Problem statement:
Apart from the pictures, reproduce the data below exactly as it stands.

Collected data:

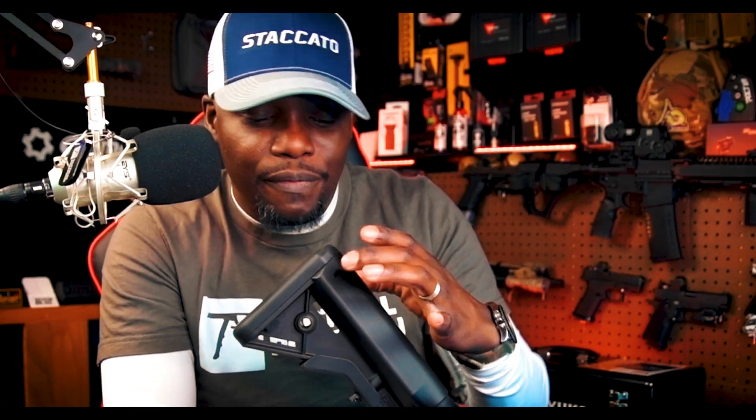I love the B5 Bravo. If you want a fatter, thicker version with the storage compartment, then you want the original B5 Sopmod. This is the Bravo — the one without the storage compartment built in. If you want the storage compartment, get the regular B5 Sopmod. Don't order the wrong one. The Bravo is the slim version; I guess the original would be called the Alpha if this is the Bravo.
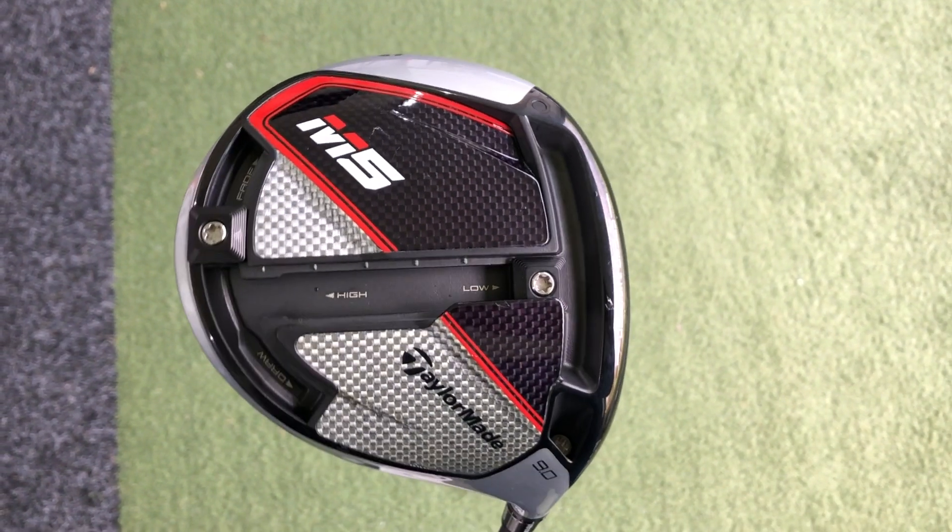Hi guys, Alex Taylor down here at Living Golf Academy and today we're going to be checking out the new TaylorMade M5 driver.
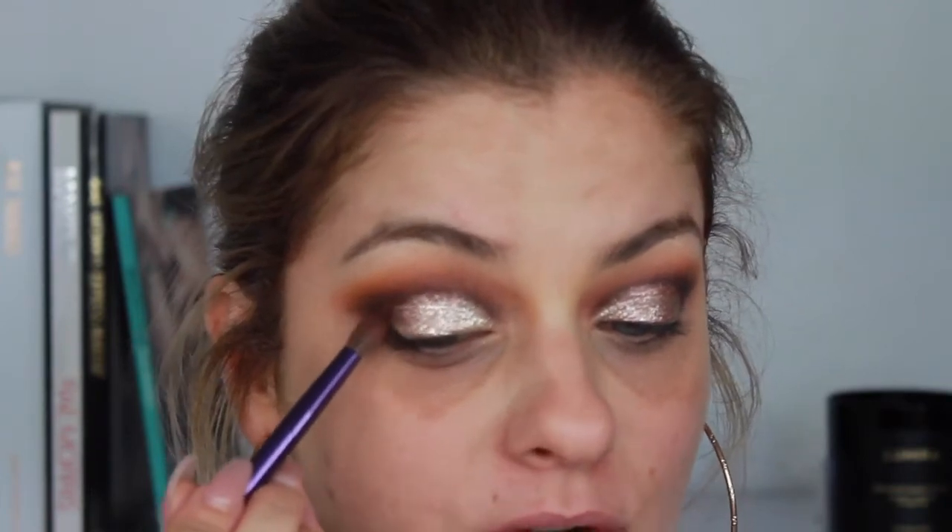Now for some glitter — I'm using Stila Magnificent Metals in Diamond Dust. The next color is also Stila Magnificent Metals in Bronzed Belle, and you just continue on from the area where you placed the first bit of glitter. Once you've placed all that glitter down, you can go back in with a little bit of your darker chocolate browns and shade in that outer corner.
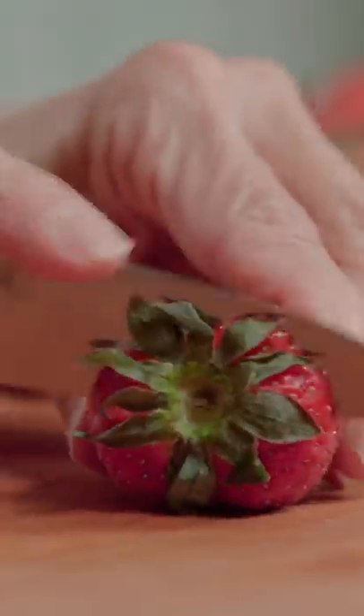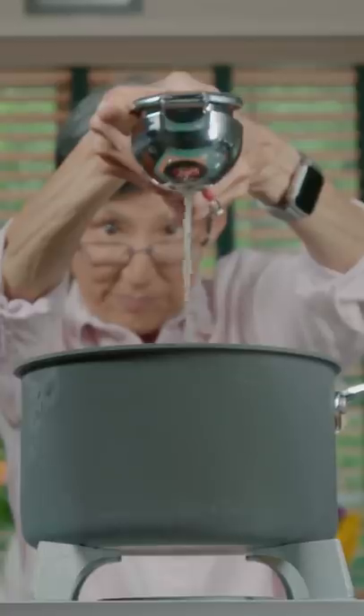Grab your strawberries, chop the top off, and slice. Karate chop a lemon in a pot. Add your berries, sugar, water, and lemon juice.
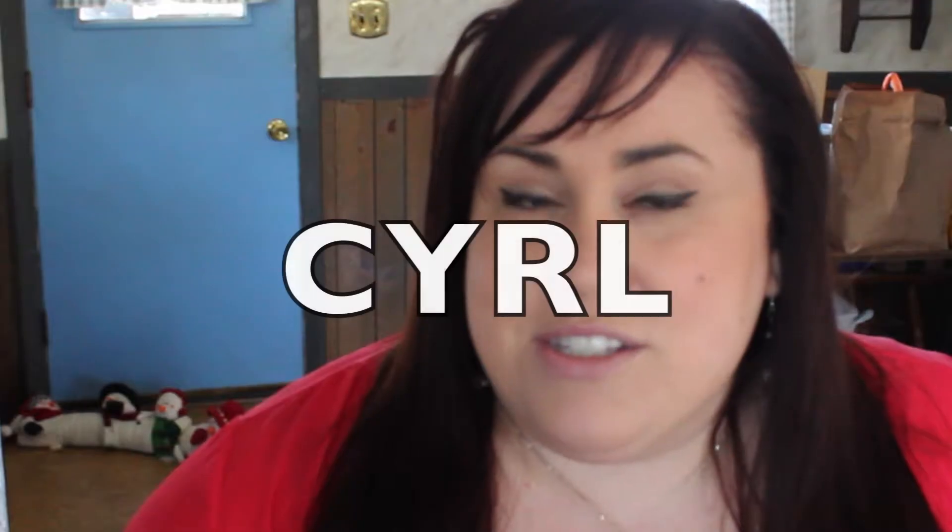Oh, shit. I should probably turn on the oven. Hey guys, welcome back to my channel. Today we're going to make a chocolate cheesecake with chocolate ganache. It's going to be really friggin' delicious. And I'm not even allowed to taste any of it because somebody's paid for me to make this so they can have the whole thing.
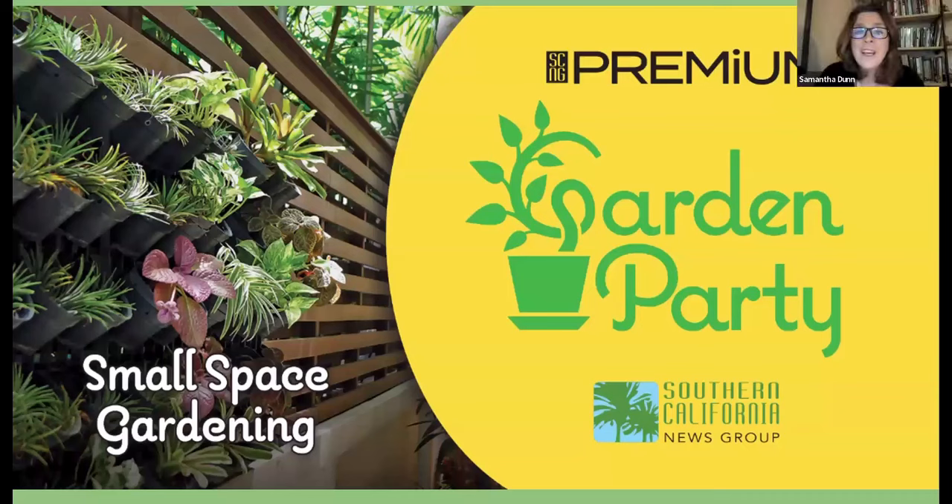Good morning, everybody. Welcome to Garden Party, the virtual series from the Southern California News Group to give you tips, tricks, and insights for getting the most joy and productivity out of your gardening experience, and also to help you find a community of like-minded green thumbs — or in my case, a wannabe green thumb. I'm Sam Dunn, the Senior Editor for Premium Content here at the Southern California News Group.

Exercise output:
I love the B5 Bravo. If you want a fatter, thicker version with the storage compartment, then you want the original B5 Sopmod. This is the Bravo — the one without the storage compartment built in. If you want the storage compartment, get the regular B5 Sopmod. Don't order the wrong one. The Bravo is the slim version; I guess the original would be called the Alpha if this is the Bravo.
Hi guys, Alex Taylor down here at Living Golf Academy and today we're going to be checking out the new TaylorMade M5 driver.
Now for some glitter — I'm using Stila Magnificent Metals in Diamond Dust. The next color is also Stila Magnificent Metals in Bronzed Belle, and you just continue on from the area where you placed the first bit of glitter. Once you've placed all that glitter down, you can go back in with a little bit of your darker chocolate browns and shade in that outer corner.
Grab your strawberries, chop the top off, and slice. Karate chop a lemon in a pot. Add your berries, sugar, water, and lemon juice.
Oh, shit. I should probably turn on the oven. Hey guys, welcome back to my channel. Today we're going to make a chocolate cheesecake with chocolate ganache. It's going to be really friggin' delicious. And I'm not even allowed to taste any of it because somebody's paid for me to make this so they can have the whole thing.
Good morning, everybody. Welcome to Garden Party, the virtual series from the Southern California News Group to give you tips, tricks, and insights for getting the most joy and productivity out of your gardening experience, and also to help you find a community of like-minded green thumbs — or in my case, a wannabe green thumb. I'm Sam Dunn, the Senior Editor for Premium Content here at the Southern California News Group.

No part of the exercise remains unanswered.